The book doesn’t cover any of the practical rewilding skills that you would generally assume would be the general focus of discussion. Instead it takes the form of short pieces of writing that cover many of the basic radical-environmentalist positions. These positions parallel those of Daniel Quinn and Derrick Jensen in particular, as well as, at points, anarchist writers like John Zerzan and Kevin Tucker. He states many positions and arguments within these short pieces that those of us who embrace dark-green/eco-pessimist ideas also hold.
The initial issue with this work is that, despite attempting to expand upon dictionary definitions early on in the book, it remains consistently unclear what it is Peter means by rewilding. Unless you are familiar with primitivism, feral revolution or other concepts – limited to a relatively small amount of people in this culture – you’re going to struggle to really grasp what it is he is trying to convince you to do. There is a consistently implied “return to nature” theme throughout, but he doesn’t actually establish what this entails.
No foraging skills included. No wild-craft skills included. Nothing on the practices of indigenous cultures, that he has drawn from in his own rewilding experience.
For the most part this book isn’t about rewilding, as its title suggests – it is about Urban Scout/Bauer (or whatever exists in the space between these 2 identities) and his personal opinions. This would be fine, as there are some nice personal, phenomenological accounts, which are interesting (probably more interesting to someone who likes Urban Scout). But I was wanting to read about those 2 options – rewild or die. So sadly, the laziness in argument and lack of substantial content is disappointing. Sections like the one on hipsters just read like “don’t be mean to me” rants, which are completely uninteresting to someone wanting to read about rewilding or dying.
He early on in the text lazily brushes over arguments he views as “philosophical masturbation” and argues in favour of socially-normative forms of knowledge. But shortly after he flips over to claim that rewilding has provided him a “complex lens” that he uses to see through the myths of civilisation. At points he acknowledges cultural biases in discourse, but stunningly holds his initial normative position. For someone who is a philosophy nerd and a lover of stuff regarding rewilding, the level of cognitive dissonance is quite unnerving from the outset.
Throughout the text there is a lot that is very annoying about the book. Poor attempts at discourse analysis; poorly argued speculative claims; accounts of subjects, such as agriculture, veganism and permaculture, that could be easily improved with some evidence to back them up; annoyingly pretentious sections on his use of alternative English language, full of semantic waffling and claims (again) devoid of anything to back them up; pointless chapters where he barely touches upon the supposed subject, using them to vent about people posting in his blogs comments section, conversations he overhears and obviously stupid articles. This is what dominates the overall content.

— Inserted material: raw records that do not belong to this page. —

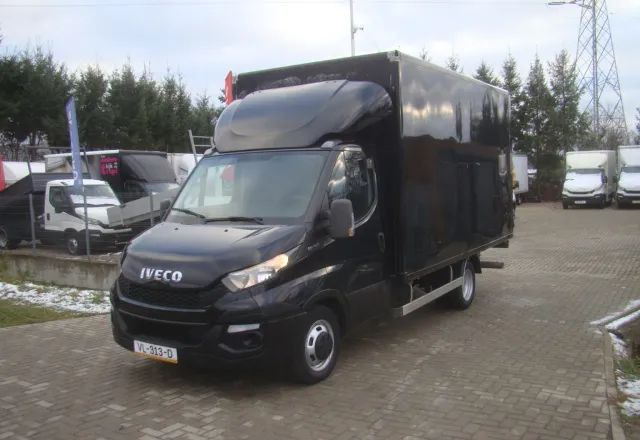 Iveco DAILY 35 C 15 3.0TDI FIRANA Z PRAWEJ STRONY 3.5T DMC WINDA - Koffer Transporter: das Bild 1 Iveco DAILY 35 C 15 3.0TDI FIRANA Z PRAWEJ STRONY 3.5T DMC WINDA - Koffer Transporter: das Bild 1
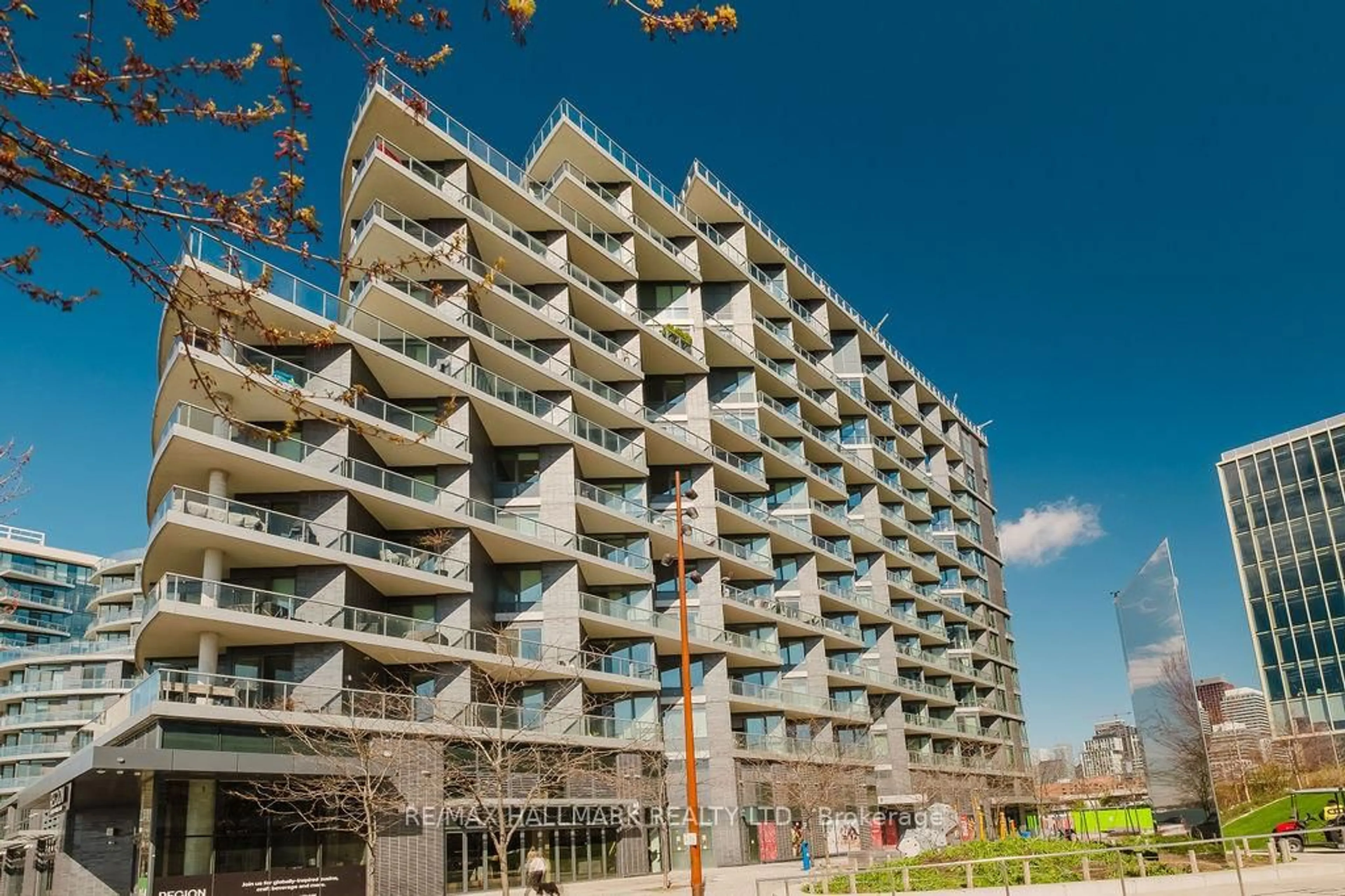Patio, building for 1 EDGEWATER Dr #520, Toronto Ontario M5A 0L1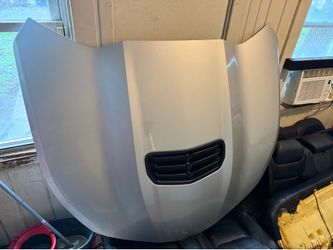 6th gen Camaro ss/lt1 vented hood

Sections like his critique of pacifism and account of ageism, while could have been improved with some degree of evidential analysis, are better than the others. Urban Scout/Bauer again states a lot of positions that are very typical of those held by people in the radical environmentalist political camp, and writes them in a way that is easily accessible to the reader. That being said, I would not suggest this book as an introduction to this type of thought, mainly due to the lack of substantial argument. I would recommend this book mainly to those interested in Urban Scout, who already have a background in this type of writing/politics/lifestyle.
Urban Scout undoubtedly holds value as an internet presence for anti-civ thought. Peter and his organisation Rewild Portland does fantastic work, an account of which would probably make for a very good book (should Peter decide to write another).
The book is written in a style very reminiscent of Derrick Jensen and draws massively from the philosophy of Daniel Quinn (though is not of the same quality of either of them). If you enjoy either of these 2 writers and/or are interested in Urban Scout/Bauer’s work, purchase this book and please enjoy it. Most of what is argued I agree with, it just isn’t argued particularly well, with a great deal of inconsistency.
As for rating the book, I give it a 5/10.